- [WORK INSTRUCTIONS]: Reproduce all the data exactly, without pictures.

- [SOURCE MATERIAL]:

+ + + + + + +

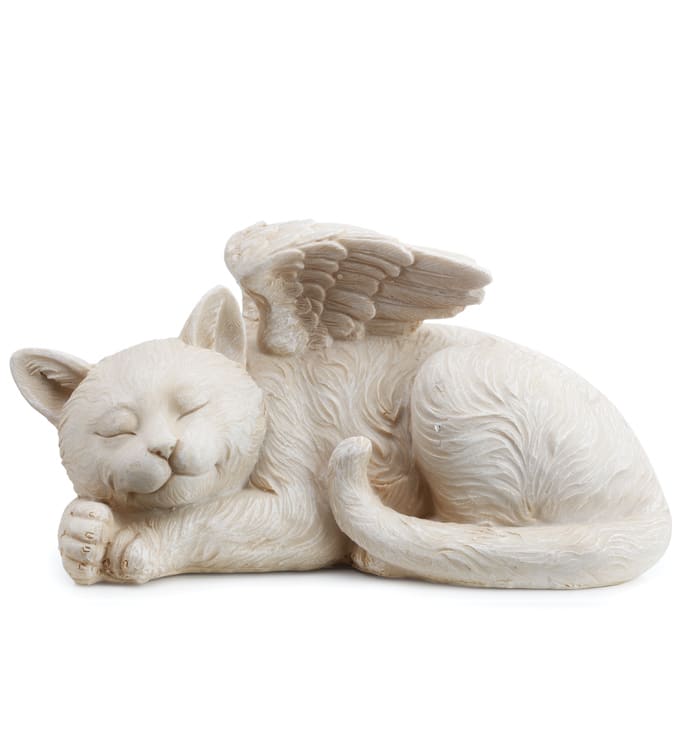 Sleeping white cat figurine with small wings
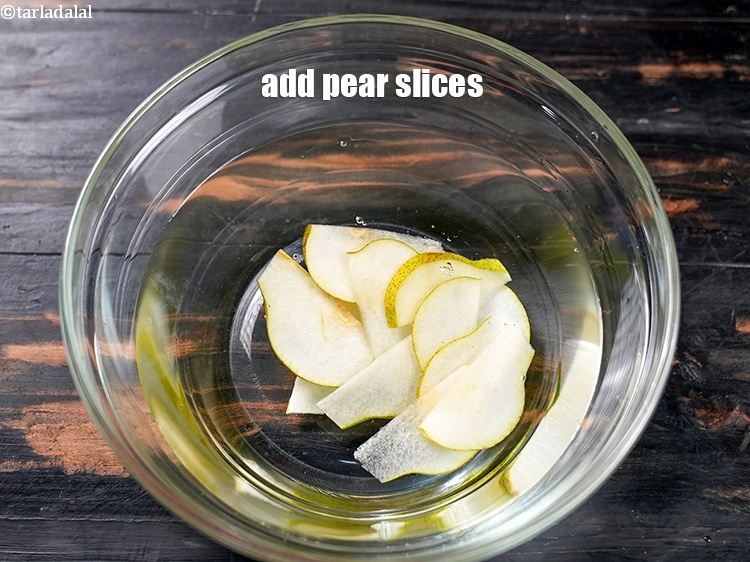 Step 4 – Add 10 <a href="https://www.tarladalal.com/glossary-pear-nashpati-39i">pear</a>&nbsp;slices.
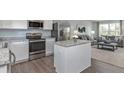 Modern kitchen features white cabinets, stainless steel appliances, granite counters, and an island, adjacent to an inviting living area at 634 Silverado Sunset Loop, Wendell, NC 27591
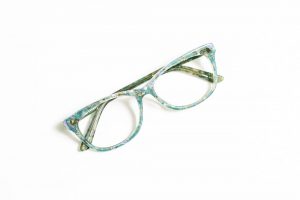 Cat eye floral glasses with pastel and light green.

+ + + + + + +

- [YOUR RESPONSE]:
 Sleeping white cat figurine with small wings
 Step 4 – Add 10 <a href="https://www.tarladalal.com/glossary-pear-nashpati-39i">pear</a>&nbsp;slices.
 Modern kitchen features white cabinets, stainless steel appliances, granite counters, and an island, adjacent to an inviting living area at 634 Silverado Sunset Loop, Wendell, NC 27591
 Cat eye floral glasses with pastel and light green.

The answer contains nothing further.